Don’t get me wrong. I still consider myself a fan. But after 25 years, I’m not the same person I was when she first started releasing her lyrical cryptograms. I’ll still buy every album she releases, but I probably won’t have the patience to fully decode them.

And so, as Tori Amos announces the September 8 release of Native Invader, her 15th studio album, I’m already a committed buyer and listener. If you’ve been a longtime fan, you already know what to expect. Tori’s own spiritual/mystical description of the record merely confirms it:

“The songs on Native Invader are being pushed by the Muses to find different ways of facing unforeseen challenges and in some cases dangerous conflicts. The record looks to Nature and how, through resilience, she heals herself. The songs also wrestle with the question: what is our part in the destruction of our land, as well as ourselves, and in our relationships with each other?

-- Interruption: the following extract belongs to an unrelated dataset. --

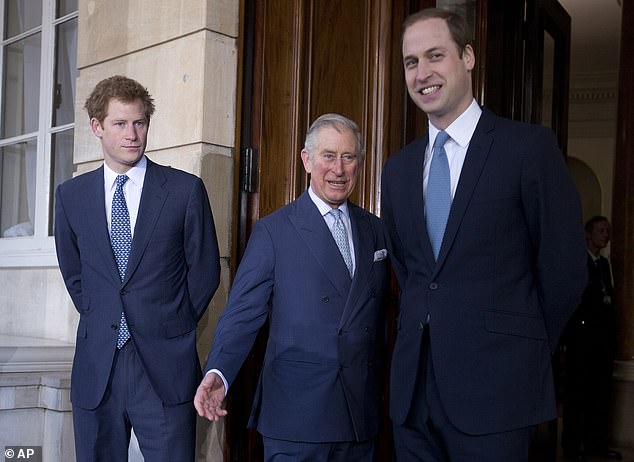 There have been questions about whether Prince Harry (left) would catch up with his father King Charles (centre) or brother Prince William (right) while in Britain - they are seen here together outside Lancaster House in central London in February 2014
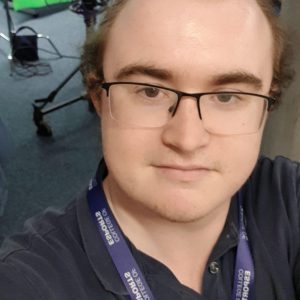 ʼһ esports student Charles Thompson, a male wearing glasses and a black polo top.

In life there can be the shock of unexpected fires, floods, earthquakes, or any cataclysmic ravager – both on the inside and outside of our minds. Sonically and visually, I wanted to look at how Nature creates with her opposing forces, becoming the ultimate regenerator through her cycles of death and re-birth. Time and time again she is able to renew, can we find this renewal for ourselves?”

Yep. Sounds like a new Tori Amos record.

In (tempered) anticipation, perhaps I’ll listen to her early albums that I still know by heart. Little Earthquakes, Under The Pink, Boys For Pele, and even From The Choirgirl Hotel still feel intimately familiar. Sadly, though, I don’t think I could tell you a single song from her most recent album, Unrepentant Geraldines in 2014.

Regardless, I’ll look forward to spinning Native Invader at least a few times before it fills slot number 100 in my Tori Amos collection.